A short-lived rally from two goals down against the San Jose Sharks was spoiled when the Wild began running around its own zone aimlessly and turning pucks over en route to a 4-2 loss at the Shark Tank.

Not spurred at all by the Jason Pominville trade earlier in the day, the Wild, which lost for the third time in four games, was a mess all night. The final straw came less than four minutes after former Sharks draft pick Charlie Coyle and Dany Heatley scored goals 25 seconds apart to get the Wild back in a game it had no right to be in.

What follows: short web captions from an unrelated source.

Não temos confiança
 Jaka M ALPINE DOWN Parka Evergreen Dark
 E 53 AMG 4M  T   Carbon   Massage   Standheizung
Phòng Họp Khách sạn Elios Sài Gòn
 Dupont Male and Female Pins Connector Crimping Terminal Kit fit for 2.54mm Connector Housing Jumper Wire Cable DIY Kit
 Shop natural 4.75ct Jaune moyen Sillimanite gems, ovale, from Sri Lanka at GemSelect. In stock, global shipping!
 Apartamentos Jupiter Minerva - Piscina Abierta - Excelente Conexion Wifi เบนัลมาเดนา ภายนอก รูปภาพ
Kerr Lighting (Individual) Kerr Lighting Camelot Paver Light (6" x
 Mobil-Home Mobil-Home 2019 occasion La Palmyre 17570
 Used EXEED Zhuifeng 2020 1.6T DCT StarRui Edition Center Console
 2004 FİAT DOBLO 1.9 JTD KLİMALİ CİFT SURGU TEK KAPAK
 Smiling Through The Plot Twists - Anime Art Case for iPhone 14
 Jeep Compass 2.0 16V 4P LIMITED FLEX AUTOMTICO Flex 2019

A remarkably bad shift started with Heatley falling and turning the puck over. That was followed by a Kyle Brodziak turnover, then Heatley not getting the puck out, then Jared Spurgeon coughing up the puck and finally Joe Thornton's centering feed being redirected behind Niklas Backstrom off of defenseman Clayton Stoner.

It capped a nightmarish game by Stoner, one full of turnovers, penalties, curious decisions and poor positioning.

The Wild got off to a horrible start, getting scored upon first for the fourth consecutive game. The Sharks had a 2-0 lead by the intermission.

"Just another bad start for us," Zach Parise said. "It's kind of been the common theme the last while. Not good enough when you're playing these teams that … are doing everything they can and playing their best to try to get in the playoffs, I think we expect easy games. Our starts are really killing us."

The Wild was lucky it wasn't at least 5-0 because Patrick Marleau hit the post, Ryan Suter, who had one of his worst games in weeks, stopped a Brent Burns shot from trickling in and TJ Galiardi was denied on a breakaway.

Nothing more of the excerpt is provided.